The Corner

Annals of Retail Food Arbitrage

From Butner (N.C.) Federal Correctional Complex comes news that Bernie Madoff, whose Ponzi scheme defrauded thousands of investors beginning in the 1980s, is still hustling for bucks. Recently he bought up the prison’s entire supply of Swiss Miss hot-chocolate packets at the canteen’s low price and made a tidy profit reselling them at the higher market rate. In other words, he has moved from straight-up theft to exploiting government subsidies. That may qualify as a tiny moral step forward.

Meanwhile, down Mexico way, in a blatant act of cultural appropriation, an entrepreneur is making a pretty peso by arbitraging Krispy Kreme doughnuts. Sonia Garcia buys four dozen boxes (mostly glazed) in West Texas town of El Paso and takes them across the border to Juarez, where she sells them at a 60 percent markup. Mexicans, like everyone else, crave that sweet, yeasty Krispy Kreme taste, but due to drug-cartel violence, the chain has no outlet in Juarez. So, as in any flourishing market economy, an intrepid entrepreneur is filling the gap (she has a Facebook page and a hotline for party orders). When there’s money to be made, profit seekers brave dangers that the government won’t. So instead of making Mexicans pay for a wall, why not let them pay for doughnuts?

Then there’s this New York Times article about how SNAP (food stamps) recipients buy a lot of soda. SNAP (Supplemental Nutrition Assistance Program) funds are supposed to be spent only on actual food, but the sugar lobby got an exception included for soft drinks, and defends it tenaciously.
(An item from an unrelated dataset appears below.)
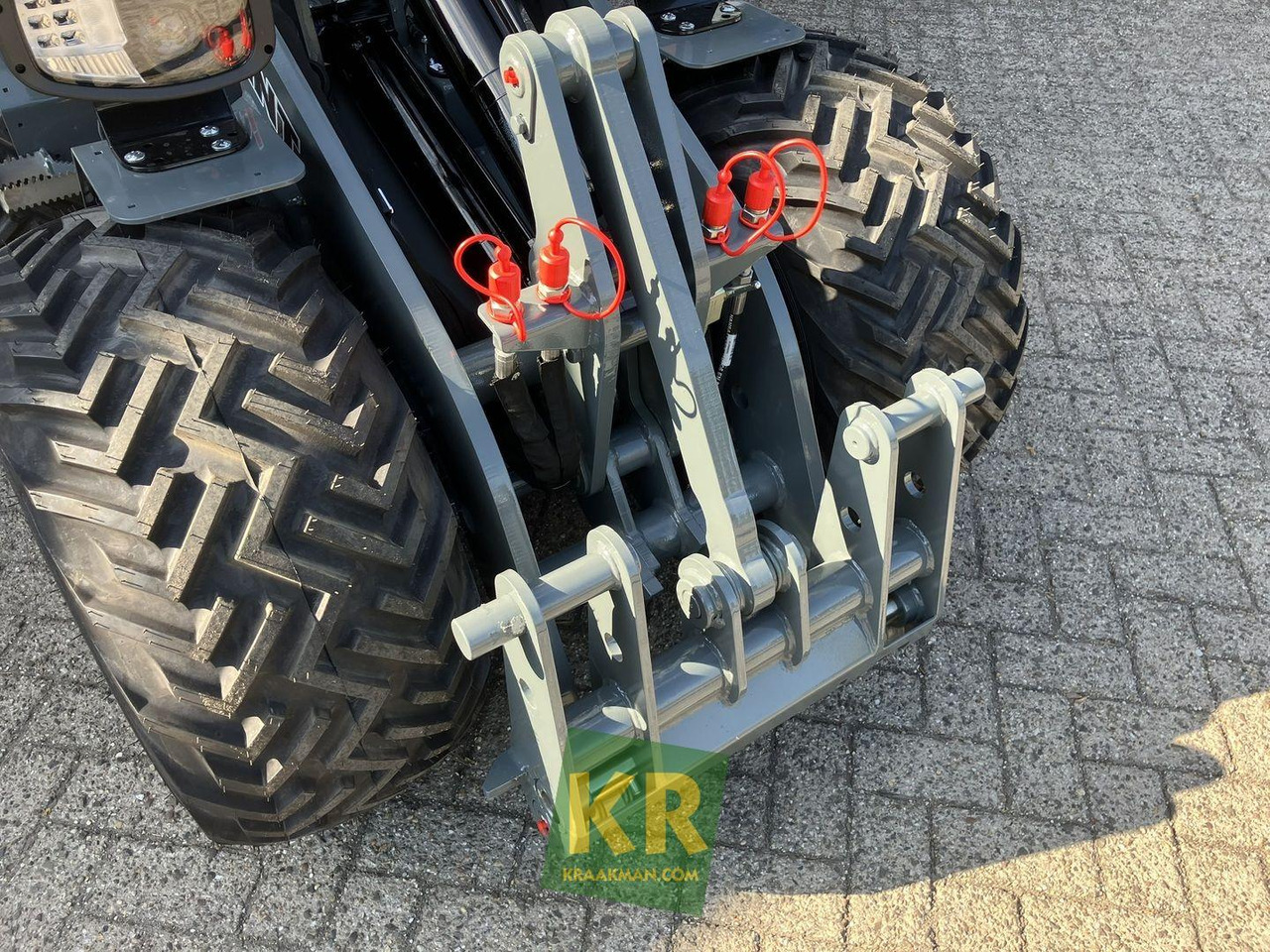 Novu Zglobni utovarivač Giant G1500 Xtra: slika 7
As this article shows, non-SNAP households buy a lot of soft drinks too, but SNAP households buy even more, and in an attempt to account for this difference, the Times piece quotes its usual assortment of bureaucrats and think-tankers.

The article’s author could have saved himself some trouble by actually talking to a few SNAP recipients – or reading this piece by NR’s indefatigable roving correspondent, Kevin D. Williamson. Kevin roved on down to Owsley County, Ky., and learned that the locals routinely use their SNAP debit cards to buy cases of soft drinks — which they then resell to other merchants for a lower price. Crazy? No — because the money they receive is cash, which can be used to buy anything, and is thus much more economically useful than SNAP dollars, particularly if you’re a drug addict. “The local economy runs on black-market soda the way Baghdad ran on contraband crude during the days of sanctions,” Kevin writes. It just goes to show that even in America’s poorest county, you’re never too poor to take advantage of arbitrage.